> **EXERCISE PROMPT**
Repeat the data in full. Drop every picture.

> **THE DATA**
|---|

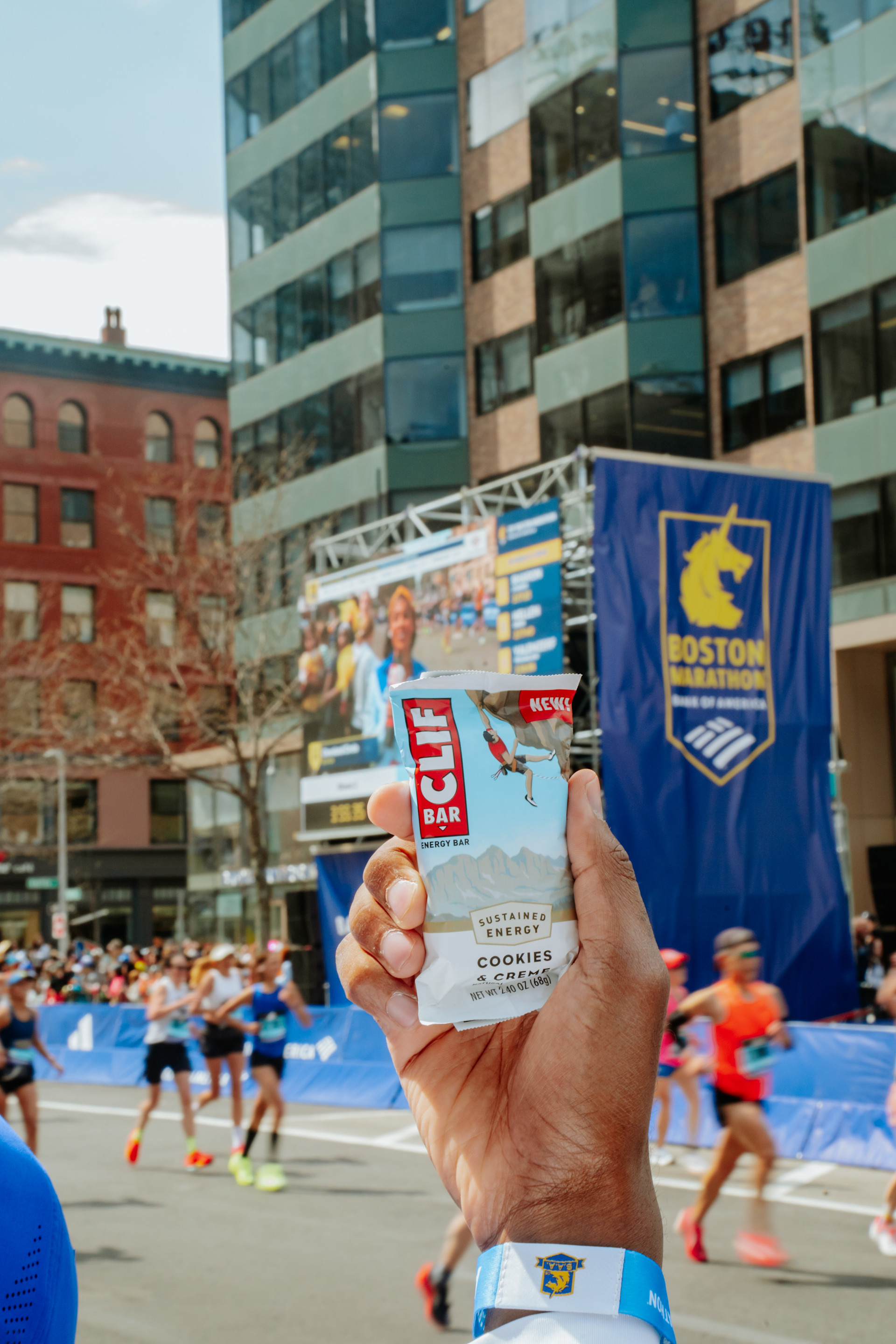 Hand Holding Up a CLIF Bar at the Boston Marathon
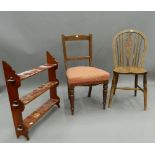 A Victorian mahogany hanging shelf and two dining chairs. The former 67 cm wide.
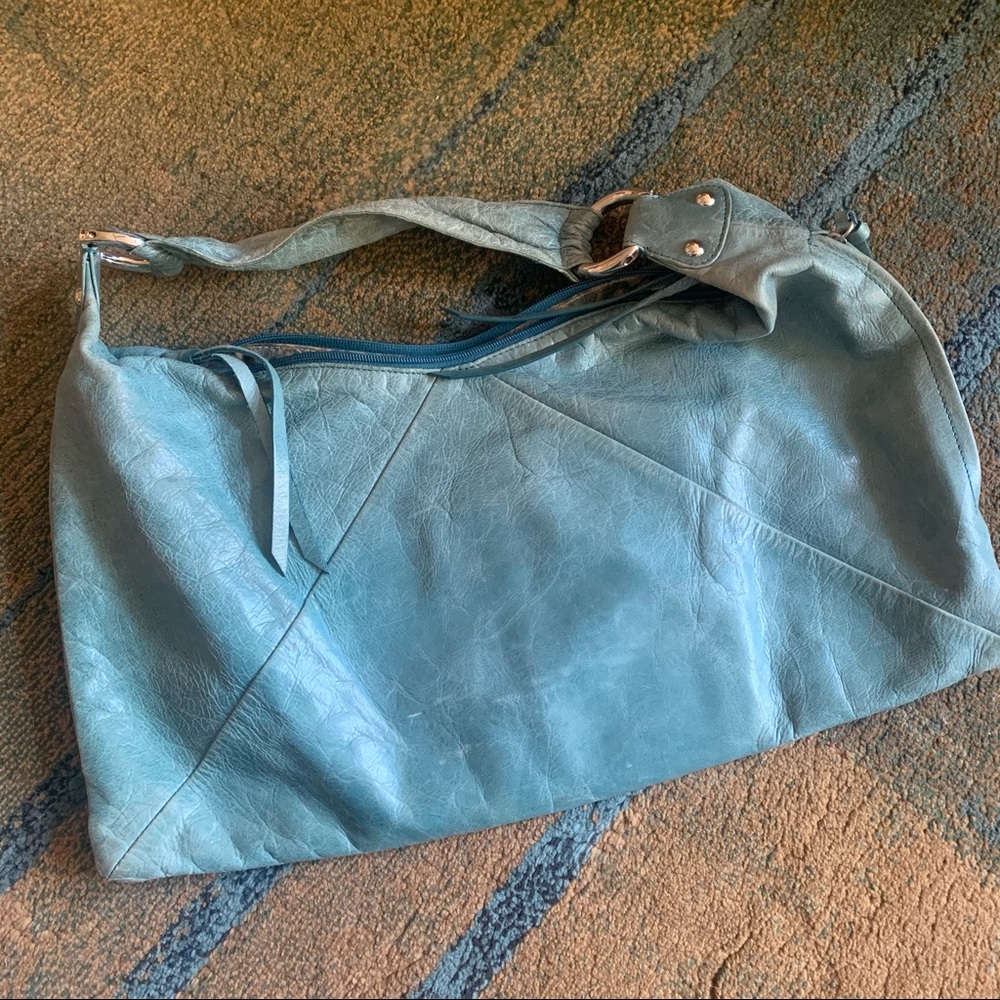 This is a wonderful vintage hide leather hobo styled bag by Hobo International.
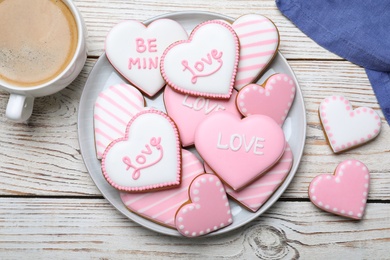 Photo of Decorated heart shaped cookies and coffee on white wooden table, flat lay. Valentine's day treat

|---|

> **RESULT**
 Hand Holding Up a CLIF Bar at the Boston Marathon
 A Victorian mahogany hanging shelf and two dining chairs. The former 67 cm wide.
 This is a wonderful vintage hide leather hobo styled bag by Hobo International.
 Photo of Decorated heart shaped cookies and coffee on white wooden table, flat lay. Valentine's day treat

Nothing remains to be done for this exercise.